Stevenson v. Baum, 75 Cal. Rptr. 2d 904 (Cal. App. 1998).
The subject property was a mobile home park. The sale contract stated that the property was sold "subject to easements of record," and indeed buyers received a title report, which they did not review until the closing, that indicated a easement "for ingress and egress" held by an oil company. The actual recorded easement made clear that the easement was for pipeline purposes and the established law is that such easements include the right to clear access to such pipelines for maintenance purposes.
In the contract, seller represented to buyer that the park had "44 approved mobile home spaces." In fact, however, nine years before the sale, the oil company had required the seller to remove mobile homes placed over the easement area so that it could perform work on the pipeline. Thereafter, the seller not only moved the homes back over the pipeline but constructed concrete foundations for them. Seller did not disclose any of these facts to buyer.
Thirteen years after the sale, the oil company demanded of buyers that they remove the encroachments over its pipeline. (The court does not indicate whether the oil company now was requiring permanent removal, or only temporary removal but presumably the removal would involve destruction of the concrete foundations.) The buyer sued the seller for damages based upon misrepresentation and fraud at the time of sale.
The trial court granted summary judgment for seller.
On appeal: held: Affirmed. The seller had not committed affirmative fraud, and the information withheld was available to the buyers through inspection of public records.
The court ruled that the statement that there were "44 approved spaces" referred to public zoning approvals, and was a correct statement. Although the information concerning the oil company's right to demand removal of the mobile homes certainly would have been useful information to buyers, the court ruled that such information was available to them, at least inferentially, had they read the easements of record.

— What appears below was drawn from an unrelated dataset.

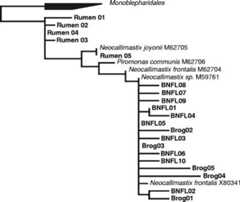 FIG. 3.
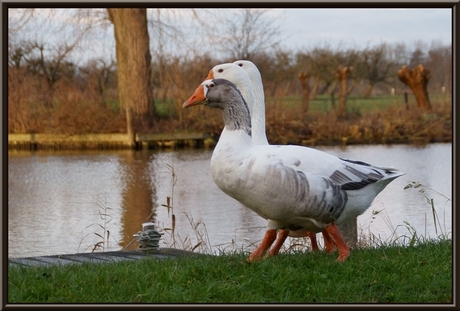 ganzen (in de) pas!!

The court acknowledged that constructive knowledge of record information is no defense to a claim of affirmative fraud in California, but noted that there were no affirmative misrepresentations here.
Comment 1: Note that the California statutory disclosure requirements do not apply to commercial property, such as that involved here.

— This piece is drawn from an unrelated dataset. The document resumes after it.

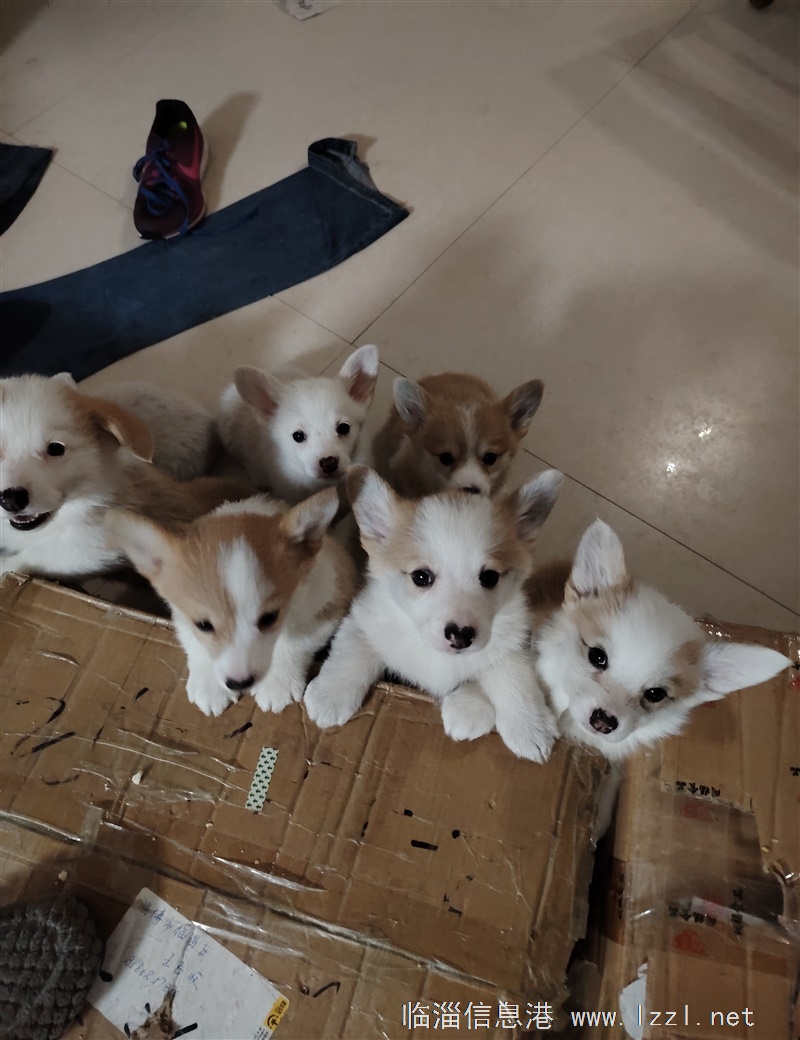 送小院合作，適合兼職的項(xiàng)目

Comment 2: Is it appropriate for the seller to hide behind the position that the representation that the park contained "44 approved spaces" related only to the public approvals? Very close call, in the editor's view. Ultimately, however, the editor agrees with the court, because to hold otherwise would have made this representation into a warranty that there were 44 spaces that were completely usable. It should be up to the buyer to make sufficient investigations to conclude that the property it purchases conforms to its needs.
Comment 3: The title report had only indicated that there was an easement for "ingress and egress," and the buyers claimed that they believed that this meant only that the oil company could drive across their property. Does a title company have a duty of care to make clear the exact terms of encumbrances it discloses? In the editor's view, the title company should have such duty unless it informs the recipient of the report that it can obtain actual copies of the encumbrance documents and that the company is not liable for discrepancies between its description of them and their actual contents.
Comment 4: In any event, this is one more reaffirmation of a lesson that the editor drills into his students obtain and read the exception documents. The corollary lesson is that both sides should recognize that the production and review of such documents may take some time, and the various time allowances in the title review section of a sale contract should reflect this reality.
The editor takes care in his contracts to make sure that the time to review and respond to title matters does not begin to run until all exception documents have been delivered. As a practical matter, if seller and title company are careless in providing such documents, such a provision often extends the time to raise objections to title until shortly before the closing long ater the seller would have thought that the time had run.